The method of Edens' execution is poison, which they inject into his foot with as little thought to its effects as they would if their syringe contained a mild anaesthetic.

It is not a mild anaesthetic, however, and all his killers need to do now is wait for Edens to die.

Which he does.

Though the two don't entirely match up, while thinking about this scene recently I was reminded of an actual murder I heard about -- I may have the details of it slightly wrong -- that involved a husband slowly and systematically poisoning his wife by putting a little bit of antifreeze in her, I believe, Gatorade every morning. Apart from the sad and prolonged death of that poor woman, the most horrifying feature of this case is the idea that this man woke up every morning, killed his wife a little bit, went about his day, and successfully went to sleep that night, day after day. There is a blankness in that man, as there is -- and I don't mean to connect these things too closely, since in one case a real person really died -- in the hitmen played by Prescott and Serpico. In Michael Clayton, Edens becomes an object, a piece of furniture, as I've said, to be brought down to the dumpster. It's only when the camera lingers on his corpse after the hitmen have left that any of his humanity is restored.

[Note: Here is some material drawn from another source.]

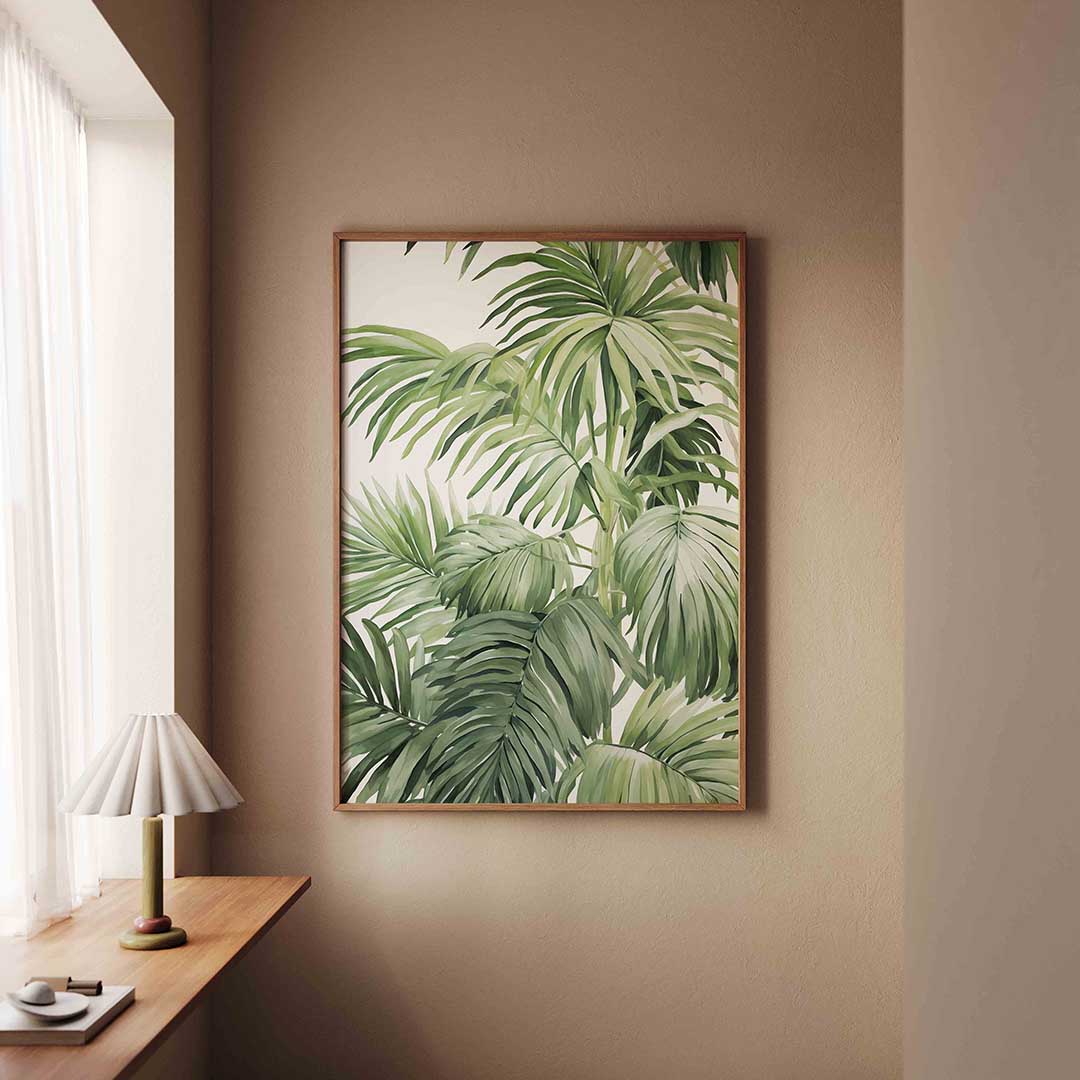 Groene bladeren Poster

And this is violence. When violence disturbs in films, it's usually because much blood is spilled, or yards of guts have come unspooled, but I've never been able to shake this scene of bloodless murder in Michael Clayton since I first saw it more than three years ago. This is violence as work. This is violence as a project to be seen through to completion. This disturbs.


POST-SCRIPT: I should have done this before, but I'd like to thank Ryan Kelly for providing the screengrabs for this post.


Roderick Heath said...

I'd say there's plenty of life in this blog as this terrific piece testifies, Bill. When it comes to violence, I was actually contemplating in watching the conflicts in Careful, He Might Hear You, in which a child becomes essentially a prop between two family members' rivalry, how much more emotional violence affects me in movies rather than the physical kind.

bill r. said...

Thank you, Rod. Maybe my shot-in-the-arm idea has worked.

Emotional violence packs an enormous whallop with me, too. I have a hard time with realistic depictions of bullying, for instance. One example is CARRIE -- okay, yes, it's over the top, by design, but Spacek's performance makes it horrifyingly plausible. Particularly rough is seeing her brief moments of happiness, but knowing what's in store. I'd have killed all those fuckers, too.

Roderick Heath said...

I'd've used my psychic powers to bring them back to life, just to kill them again, no fear.

Indeed, bullying in particular gets me in movies (and in life too, no fear). It's interesting you bring up a King work because he essentially built his fortunes initially on being one of the few people to understand and tap into that adolescent emotional carnage. Carrie is a very good portrait of it, too, in spite of the theatricality, because it shows how such things become cyclical.

But getting back to your initial point, what strikes me as kind of odd about Michael Clayton when it comes to those assassins is why they're good at killing Arthur but so conveniently bad at killing Michael; Arthur's death is the highpoint of the film, and everything after slides further and further into formula. The coldness of Arthur's death has a sort of ugly truth in it Gilroy then had to studiously shy away from.

bill r. said...

Well, Rod, you are not, as they say, wrong. About the hitmen in MICHAEL CLAYTON, I mean. There presence becomes lazy, I agree, but I can't say the rest of the film following Wilkinson's death bothered me. Formula, maybe, but not ineffective. The hitmen thing is a bigger problem, because setting them up so brilliantly with the Edens murder leaves little room for error afterwards. It must be hard to figure out a way for your hero to not be killed by such people, but there must be better ways of going about it than the one Gilroy landed on.